### Task statement
What do the lines say from the one containing "Your heavy thunderstorm" to the end of the records? Restate them word for word, and only those.
── Supplied records ──
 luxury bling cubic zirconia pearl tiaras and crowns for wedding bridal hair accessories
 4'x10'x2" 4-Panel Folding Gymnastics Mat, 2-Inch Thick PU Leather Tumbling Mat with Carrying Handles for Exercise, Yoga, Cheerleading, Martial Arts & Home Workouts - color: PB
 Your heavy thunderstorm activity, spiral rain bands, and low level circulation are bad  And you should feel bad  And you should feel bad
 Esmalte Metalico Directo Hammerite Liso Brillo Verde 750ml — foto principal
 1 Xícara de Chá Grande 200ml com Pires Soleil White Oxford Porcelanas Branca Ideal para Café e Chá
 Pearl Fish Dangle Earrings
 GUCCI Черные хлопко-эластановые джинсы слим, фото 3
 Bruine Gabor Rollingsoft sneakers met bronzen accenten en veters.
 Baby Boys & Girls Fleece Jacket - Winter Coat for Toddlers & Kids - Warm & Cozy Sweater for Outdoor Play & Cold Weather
───
### Task solution
 Your heavy thunderstorm activity, spiral rain bands, and low level circulation are bad  And you should feel bad  And you should feel bad
 Esmalte Metalico Directo Hammerite Liso Brillo Verde 750ml — foto principal
 1 Xícara de Chá Grande 200ml com Pires Soleil White Oxford Porcelanas Branca Ideal para Café e Chá
 Pearl Fish Dangle Earrings
 GUCCI Черные хлопко-эластановые джинсы слим, фото 3
 Bruine Gabor Rollingsoft sneakers met bronzen accenten en veters.
 Baby Boys & Girls Fleece Jacket - Winter Coat for Toddlers & Kids - Warm & Cozy Sweater for Outdoor Play & Cold Weather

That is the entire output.